Of course, my first thought was that the driver was casing the neighborhood and I considered calling the police.  But before I could do so my wife, Melanie, told me she knew the identity of the mystery driver.

"He used to live in the neighborhood," she said.  "His wife left him, remember."

I remembered.  He had lived just up the street for a short time after his divorce, then moved away.  I wondered why he would drive so regularly through a place that had given him so much pain.

Several weeks later, I knew the answer.  Melanie was walking through the neighborhood, saw the brown car and waved at the driver.  He stopped and they talked.

She told me that he did not remember her and when she asked about his mother, he pulled a sticky note from the dashboard and told her that his mother had died.  "I'm not able to remember things any more,"he said with a smile.

So, now when I see him driving through our neighborhood, or driving through the streets of our small town,  I see him in a different light.

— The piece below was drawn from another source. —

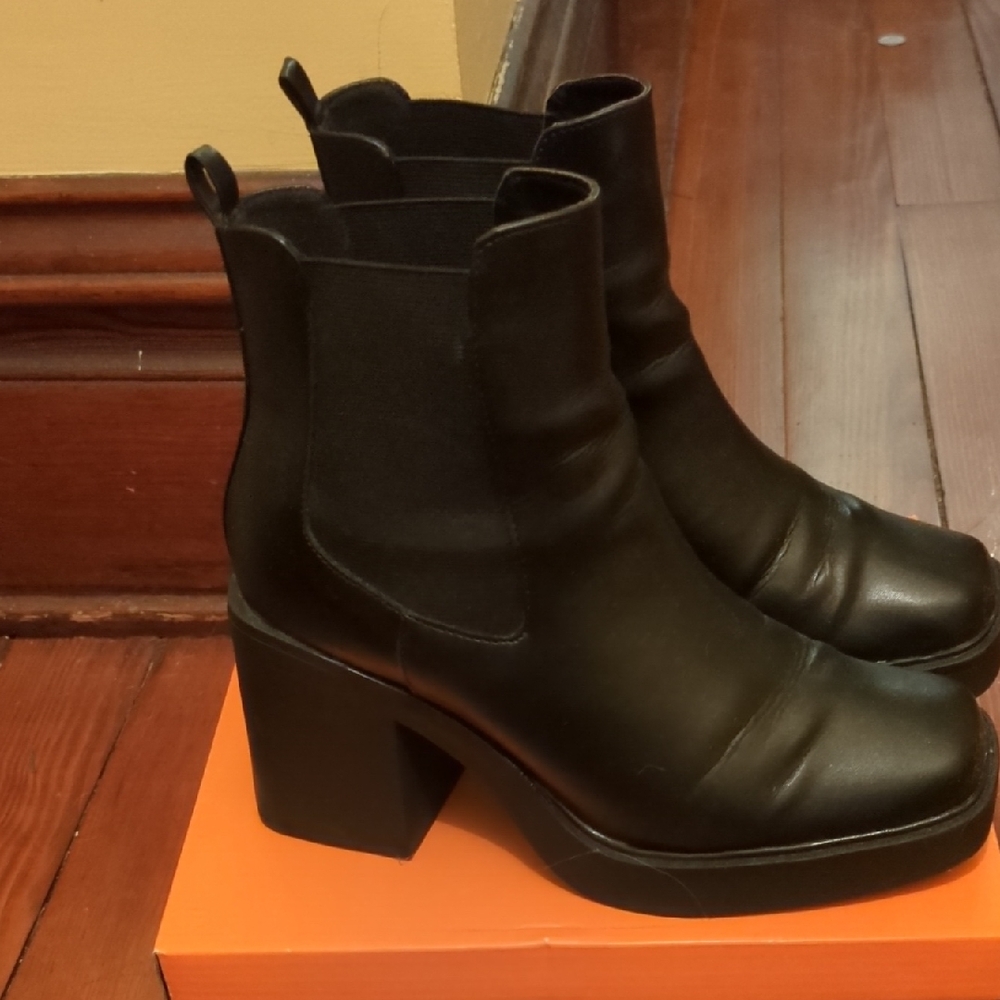 Mia Dru Black Women's Ankle Boots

He is not a thief.  He is the victim of a thief; a disease that is robbing him of his memories.  His endless driving is an attempt to look for places that are familiar; to reclaim the people and the places and events that were once his but are now slowly fading away.

One day, maybe one day soon, we will not see him any more. He will have forgotten his old neighborhood.   The brown car will be forever parked.  The robbery will be complete and he will stare blankly at the people in front of him and he will not remember to look at his sticky notes.